As Divekick matured, its roster grew, and with more characters, things to distinguish between characters needed to be added. As a result the roster is significantly expanded, allowing players to choose a character to fit their playstyle. With that comes a certain degree of having to learn a character and I was initially scared that this would mean the end of what I enjoy most about Divekick—its transparency. But as I played, I found that these fears were unfounded as it’s as complex as it is understandable. The metagame of Divekick—trying to figure out when your opponent will attack, how high they’ll jump, etc…—is incredibly complex, but the controls and movesets are so limited, you’re always in control and your opponent’s moves are never an unknown.
The game features single player mode, which has exactly as much story as you’d expect—somewhere between five and six panels of moving comics plus three dialogue banter sessions.
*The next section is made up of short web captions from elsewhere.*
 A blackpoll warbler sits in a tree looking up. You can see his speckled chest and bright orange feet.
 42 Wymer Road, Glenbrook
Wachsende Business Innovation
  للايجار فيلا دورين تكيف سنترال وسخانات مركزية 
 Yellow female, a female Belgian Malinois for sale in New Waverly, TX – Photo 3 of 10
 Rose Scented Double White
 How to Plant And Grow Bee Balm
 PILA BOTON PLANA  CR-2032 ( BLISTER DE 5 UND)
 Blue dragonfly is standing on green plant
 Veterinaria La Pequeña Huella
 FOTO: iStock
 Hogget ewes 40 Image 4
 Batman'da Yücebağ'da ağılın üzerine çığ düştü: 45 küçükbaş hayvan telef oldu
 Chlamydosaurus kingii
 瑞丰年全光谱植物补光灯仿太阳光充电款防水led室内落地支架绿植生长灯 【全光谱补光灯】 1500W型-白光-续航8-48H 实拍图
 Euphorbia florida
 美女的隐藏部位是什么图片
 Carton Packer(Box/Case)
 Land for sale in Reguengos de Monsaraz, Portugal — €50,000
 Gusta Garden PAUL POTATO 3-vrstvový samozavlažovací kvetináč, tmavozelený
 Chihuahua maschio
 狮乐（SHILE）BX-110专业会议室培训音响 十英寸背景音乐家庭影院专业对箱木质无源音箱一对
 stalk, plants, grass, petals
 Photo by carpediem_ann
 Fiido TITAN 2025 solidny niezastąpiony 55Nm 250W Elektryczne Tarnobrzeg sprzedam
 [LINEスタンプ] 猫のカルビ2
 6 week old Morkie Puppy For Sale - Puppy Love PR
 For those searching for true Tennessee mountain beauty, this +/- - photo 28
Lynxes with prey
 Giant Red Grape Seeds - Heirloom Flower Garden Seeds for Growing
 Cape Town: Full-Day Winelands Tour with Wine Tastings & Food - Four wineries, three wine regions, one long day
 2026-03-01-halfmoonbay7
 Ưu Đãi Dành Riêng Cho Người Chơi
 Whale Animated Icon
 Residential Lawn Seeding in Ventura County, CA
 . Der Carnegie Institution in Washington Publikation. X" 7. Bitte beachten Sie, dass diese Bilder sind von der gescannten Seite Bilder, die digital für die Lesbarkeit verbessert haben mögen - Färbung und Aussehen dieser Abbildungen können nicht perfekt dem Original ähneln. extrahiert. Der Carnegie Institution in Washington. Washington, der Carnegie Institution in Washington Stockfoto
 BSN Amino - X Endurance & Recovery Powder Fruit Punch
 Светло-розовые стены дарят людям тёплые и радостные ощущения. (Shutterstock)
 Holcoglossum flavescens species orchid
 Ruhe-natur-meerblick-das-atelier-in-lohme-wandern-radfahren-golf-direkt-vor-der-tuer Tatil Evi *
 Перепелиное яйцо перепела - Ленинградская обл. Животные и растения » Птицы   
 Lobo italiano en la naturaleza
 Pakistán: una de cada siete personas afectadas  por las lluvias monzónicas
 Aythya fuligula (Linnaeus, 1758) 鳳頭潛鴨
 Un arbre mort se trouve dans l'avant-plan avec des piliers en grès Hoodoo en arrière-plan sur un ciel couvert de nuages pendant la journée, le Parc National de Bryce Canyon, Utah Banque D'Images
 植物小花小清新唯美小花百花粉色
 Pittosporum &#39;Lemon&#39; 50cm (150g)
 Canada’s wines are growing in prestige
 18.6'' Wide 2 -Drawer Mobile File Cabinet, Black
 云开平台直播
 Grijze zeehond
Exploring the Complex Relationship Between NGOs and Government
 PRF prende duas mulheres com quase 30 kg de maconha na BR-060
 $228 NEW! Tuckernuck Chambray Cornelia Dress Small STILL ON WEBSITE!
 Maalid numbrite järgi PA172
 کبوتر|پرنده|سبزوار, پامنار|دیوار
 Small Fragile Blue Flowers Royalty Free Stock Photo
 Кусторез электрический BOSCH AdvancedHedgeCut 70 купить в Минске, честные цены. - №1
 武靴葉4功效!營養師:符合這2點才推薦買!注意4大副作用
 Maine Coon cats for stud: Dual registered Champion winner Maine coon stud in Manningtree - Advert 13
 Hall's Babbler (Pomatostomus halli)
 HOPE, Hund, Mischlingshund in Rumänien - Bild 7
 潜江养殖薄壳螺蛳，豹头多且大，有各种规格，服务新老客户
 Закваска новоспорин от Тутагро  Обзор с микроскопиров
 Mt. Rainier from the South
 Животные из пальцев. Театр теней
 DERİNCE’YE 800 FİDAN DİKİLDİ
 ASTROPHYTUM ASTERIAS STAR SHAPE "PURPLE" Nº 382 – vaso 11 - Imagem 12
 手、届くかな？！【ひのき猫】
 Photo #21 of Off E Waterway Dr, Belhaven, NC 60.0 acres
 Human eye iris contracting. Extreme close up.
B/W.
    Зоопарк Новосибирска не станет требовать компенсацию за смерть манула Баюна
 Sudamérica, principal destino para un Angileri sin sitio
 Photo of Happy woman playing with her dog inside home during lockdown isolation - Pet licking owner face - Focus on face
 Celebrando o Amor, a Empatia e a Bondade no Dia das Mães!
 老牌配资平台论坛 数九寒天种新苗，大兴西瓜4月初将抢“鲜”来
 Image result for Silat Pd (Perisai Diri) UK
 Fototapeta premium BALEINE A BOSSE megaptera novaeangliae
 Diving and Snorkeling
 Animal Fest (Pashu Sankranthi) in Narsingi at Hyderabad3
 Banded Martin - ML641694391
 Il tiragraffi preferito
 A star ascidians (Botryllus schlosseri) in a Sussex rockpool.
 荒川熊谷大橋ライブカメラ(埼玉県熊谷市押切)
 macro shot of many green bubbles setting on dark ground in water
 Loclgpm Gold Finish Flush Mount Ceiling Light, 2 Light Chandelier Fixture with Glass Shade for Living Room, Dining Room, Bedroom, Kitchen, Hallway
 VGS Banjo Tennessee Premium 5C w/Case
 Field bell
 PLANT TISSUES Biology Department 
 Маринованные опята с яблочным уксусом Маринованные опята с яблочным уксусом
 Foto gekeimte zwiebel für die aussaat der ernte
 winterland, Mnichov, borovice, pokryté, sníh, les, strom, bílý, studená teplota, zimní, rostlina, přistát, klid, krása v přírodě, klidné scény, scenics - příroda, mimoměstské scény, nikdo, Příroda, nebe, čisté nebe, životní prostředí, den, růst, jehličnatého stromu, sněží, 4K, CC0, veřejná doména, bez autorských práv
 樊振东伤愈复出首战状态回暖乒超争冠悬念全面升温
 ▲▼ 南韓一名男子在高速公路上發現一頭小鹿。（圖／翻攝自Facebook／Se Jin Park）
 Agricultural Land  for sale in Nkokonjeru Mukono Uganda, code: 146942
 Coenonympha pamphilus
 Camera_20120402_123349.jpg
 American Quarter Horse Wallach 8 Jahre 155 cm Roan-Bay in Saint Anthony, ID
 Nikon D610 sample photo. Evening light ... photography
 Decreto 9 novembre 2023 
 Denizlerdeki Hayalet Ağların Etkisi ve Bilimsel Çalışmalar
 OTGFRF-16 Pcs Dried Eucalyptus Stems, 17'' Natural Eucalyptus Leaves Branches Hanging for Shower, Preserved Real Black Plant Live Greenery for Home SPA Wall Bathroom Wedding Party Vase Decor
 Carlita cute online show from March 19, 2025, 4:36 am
Of course there’s a local versus mode, even on the Vita, but there’s also an online portion which boasts the best netcode of any fighter out there. To be fair though, I’ve had more than one match with a little lag, and one in which the loading screen came up for a few seconds before the battle resumed.
The art style is hand drawn and can be a little amateurish at times, but it all fits with the themes of the game. The music is unobtrusive and the backgrounds aren’t distracting, lending to the idea that in Divekick, combat is king. Just like in most fighters, you can complete story mode in about half an hour per character if you’re bad. Matches are completed in anywhere between 15 seconds and the absolute maximum of 3 minutes, meaning it’s as quick as it is intense.
Verdict: Come on, have I not gushed enough? Divekick is hands down the most simple, elegant, fair, and accessible fighter I’ve ever played. To fighting game terri-bads like myself, it’s perfect since the investment to get proficient is so low. And to fighter pros, it’s also perfect since the movesets are so simple, you’re forced to be creative and quick thinking to pull off a victory against a seasoned pro. Or lucky. That’ll work too.
Just go buy it, come on man.
As a side note, Iron Galaxy was kind enough to give me a review code for the game the day before its release on a far too late request from me. Even though he wasn’t in the office, the CEO himself handled my request quickly and got me the code very quickly, so thanks so much to Dave Lang. Also for the record, I bought the game on Steam just so I could support them with my dollars. You should too!